Imagínate por un momento que la felicidad es como aprender a tocar el piano o a pintar un cuadro. No puedes simplemente comprar una melodía o un lienzo terminado y esperar sentir la emoción de la creación. La magia ocurre en el proceso, en la forma en que tus dedos se mueven sobre las teclas o en cómo mezclas los colores. De la misma manera, la felicidad reside en la actitud con la que enfrentamos nuestra rutina, en la capacidad de encontrar asombro en lo pequeño y en la intención que ponemos en cada uno de nuestros actos cotidianos.
Hace poco, me encontraba un poco triste, pensando que necesitaba unas vacaciones largas para volver a sentirme bien. Estaba obsesionada con la idea de que mi bienestar dependía de un destino lejano. Sin embargo, mientras preparaba una taza de té caliente en una tarde lluviosa, me di cuenta de algo.
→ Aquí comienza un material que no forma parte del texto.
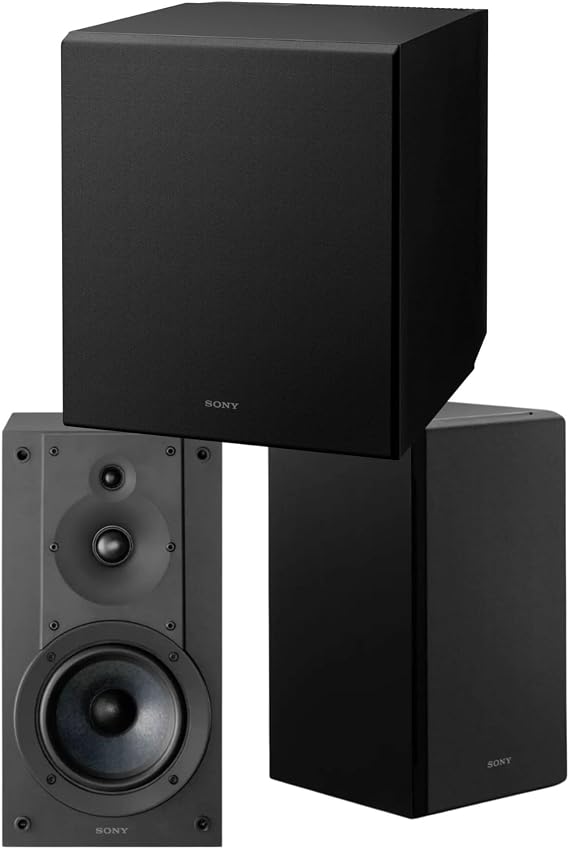 Sony SA-CS9M2 10-Inch Powered Active Subwoofer Bundle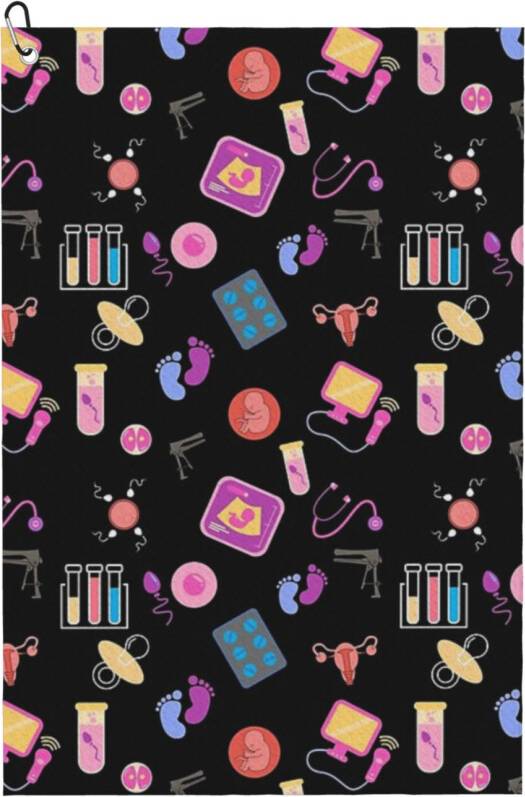 WHIBOS Patterned Tea Towel Kitchen Towel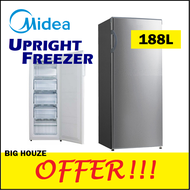 Midea MUF208SD 1 Door Upright Freezer 188L MUF-208SD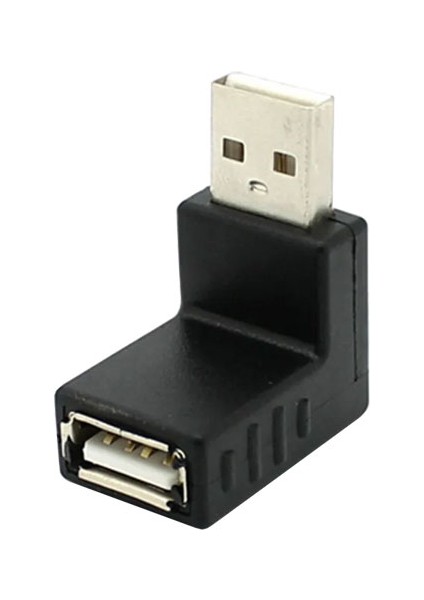 USB 2.0 Doksan Derece USB 2.0 L Tipi Dişi Erkek Çevirici 2'li Set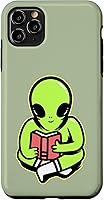 Vista 25 de iPhone 15 Pro Max Alien Reading A Book Case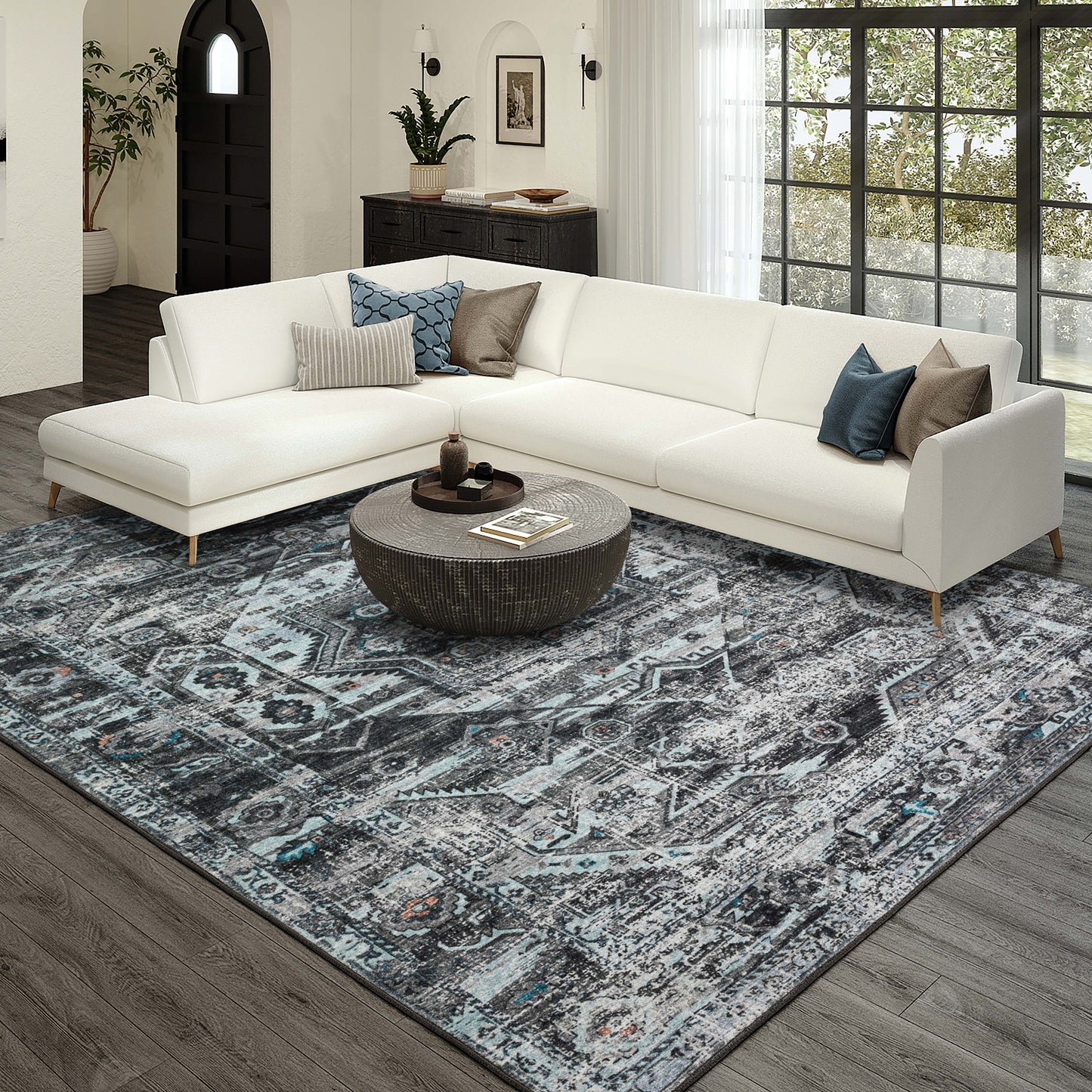 Dalyn Rugs Jericho  Steel  Traditional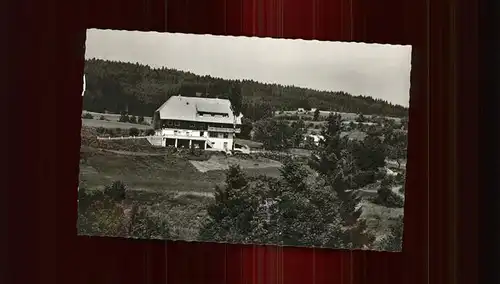 Haeusern Schwarzwald Gasthof Pension Waldlust Kat. Haeusern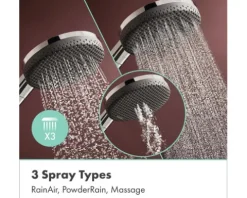 Handbrause hansgrohe Raindance Alive Select S rund Ø 125 mm chrom 24500000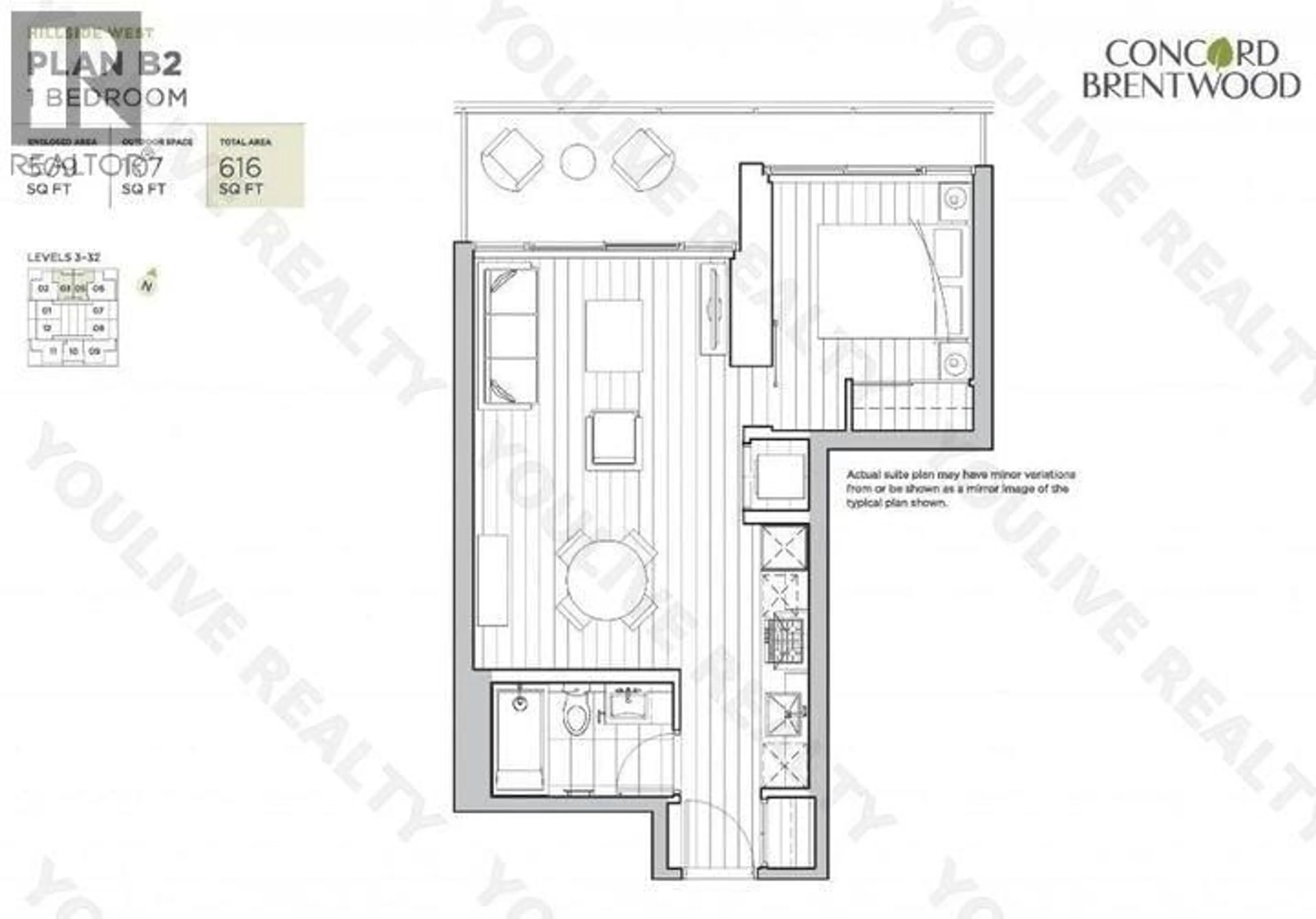 Floor plan for 2203 - 4720 LOUGHEED HIGHWAY, Burnaby British Columbia V5C0M8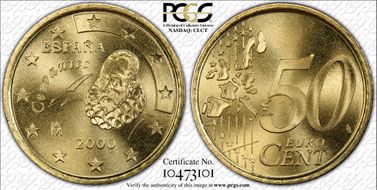 2000-M € 0.50 MS65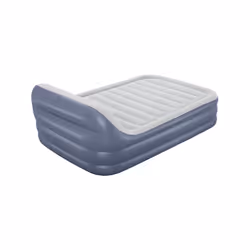 Bestway Lit gonflable matelas 2 places Tritech SleekFlow avec tête de lit et pompe électrique intégrée et revêtement antimicrobien 2,26 m x 1,52 m x 84 cm - Vue supplémentaire 10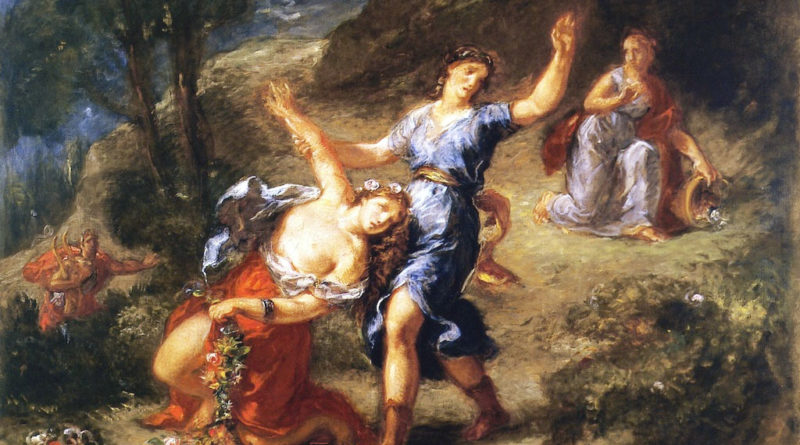 Orfeo ed Euridice - Dettaglio del quadro di Eugene Delacroix - 1862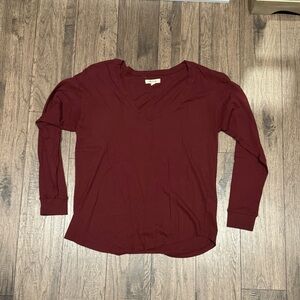 Closet Clean Out Madewell long sleeve shirt, size x-small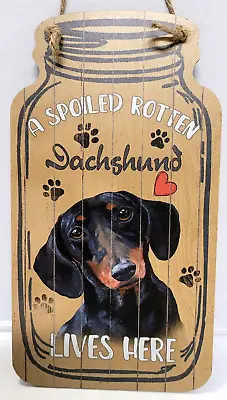 Dachshund Wooden Wall Sign • $8.94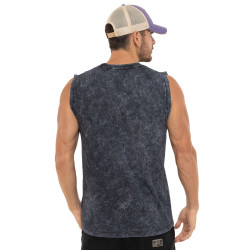 Débardeur homme col rond en jersey acid wash Sept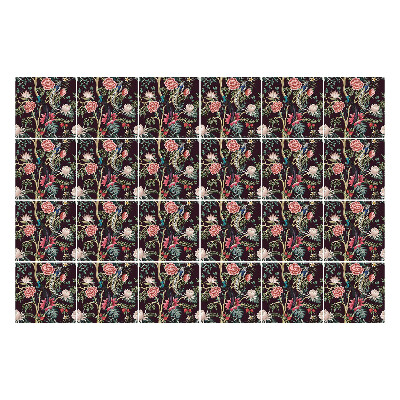 Okleina na płytki Kwiatowy motyw w pionie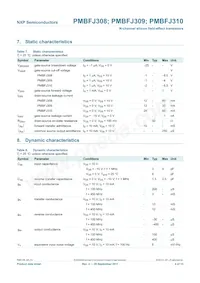 PMBFJ310 Datasheet Page 4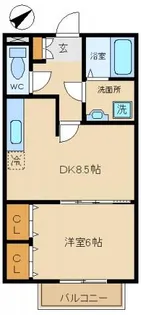 Rinon東貝塚【2階】の間取り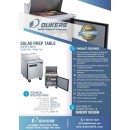 Dukers DSP29-12M-S1 Mega Top Salad / Sandwich Prep Table Refrigerator 29" addl-4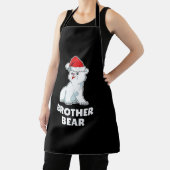 Tablier Polar Bear Christmas - Xmas Brother Gift (Insitu)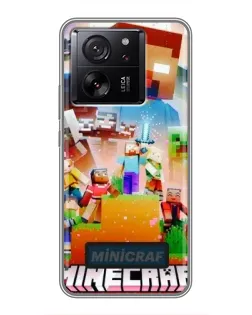 Чохол для Xiaomi Redmi K90 з картинкою «Minecraft герої гри»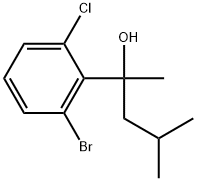 2-Bromo-6-chloro-α-methyl-α-(2-methylpropyl)benzenemethanol Structure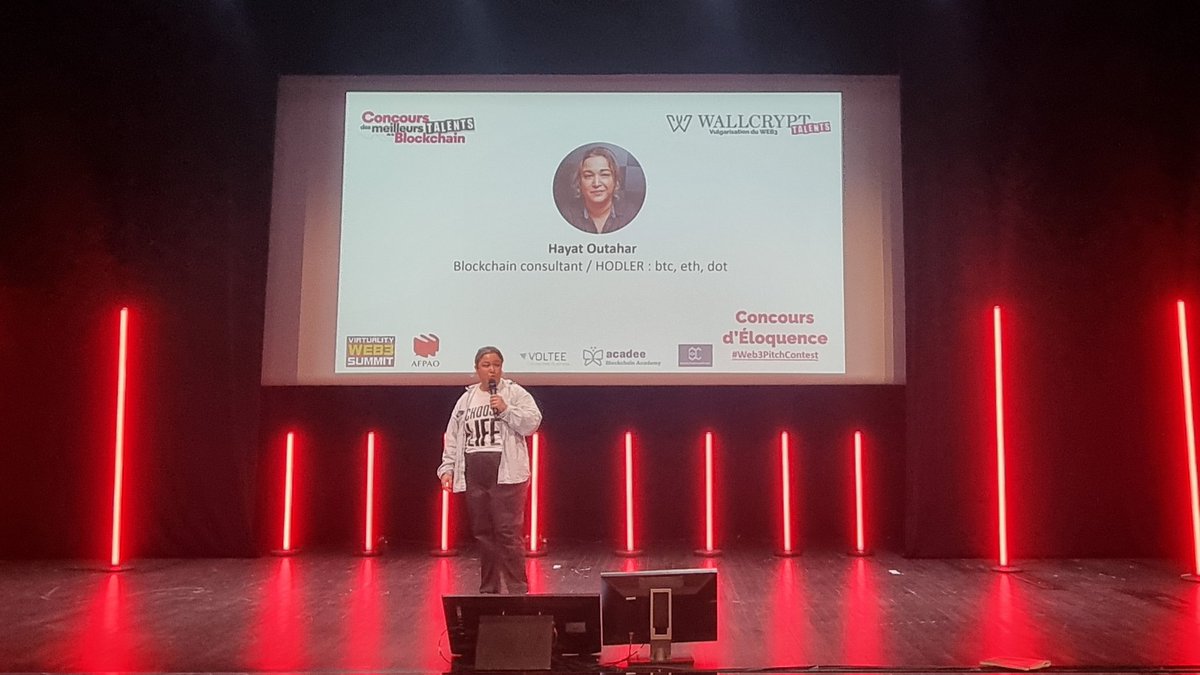 Wallcrypt (@wallcrypt) on Twitter photo Hayat OUTAHAR, <a href="/HayatOutahar/">Hayat Outahar</a>, Consultante blockchain, nous parle de Tokenomics !
#Crypto #NFT #crypto #event #Web3pitchcontest <a href="/Web3Virtuality/">Virtuality Web3 Summit</a> <a href="/AFPAO_Fr/">AFPAO</a> Hayat OUTAHAR, <a href="/HayatOutahar/">Hayat Outahar</a>, Consultante blockchain, nous parle de Tokenomics !
#Crypto #NFT #crypto #event #Web3pitchcontest <a href="/Web3Virtuality/">Virtuality Web3 Summit</a> <a href="/AFPAO_Fr/">AFPAO</a>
No era el té lo que me daba paz, sino la calma con la que decidí sentarme a disfrutarlo, sin prisas y sin mirar el teléfono. En ese pequeño instante, comprendí que estaba practicando ese talento del que habla Hesse. La felicidad estaba en mi capacidad de estar presente.
Todos tenemos ese talento dormido dentro de nosotros, esperando a ser practicado. No necesitamos acumular objetos para sentirnos plenos, solo necesitamos aprender a mirar nuestra propia vida con ojos más amorosos y conscientes. No esperes a que las circunstancias sean perfectas para permitirte sonreír, porque la perfección es un objeto inalcanzable, mientras que la alegría es una habilidad que puedes empezar a entrenar hoy mismo.
Te invito a que hoy, en tu próxima tarea, por muy sencilla que sea, intentes buscar ese toque de magia. Pregúntate: ¿Cómo puedo hacer esto con más amor? ¿Cómo puedo encontrar belleza en este momento? Empieza a practicar tu talento hoy.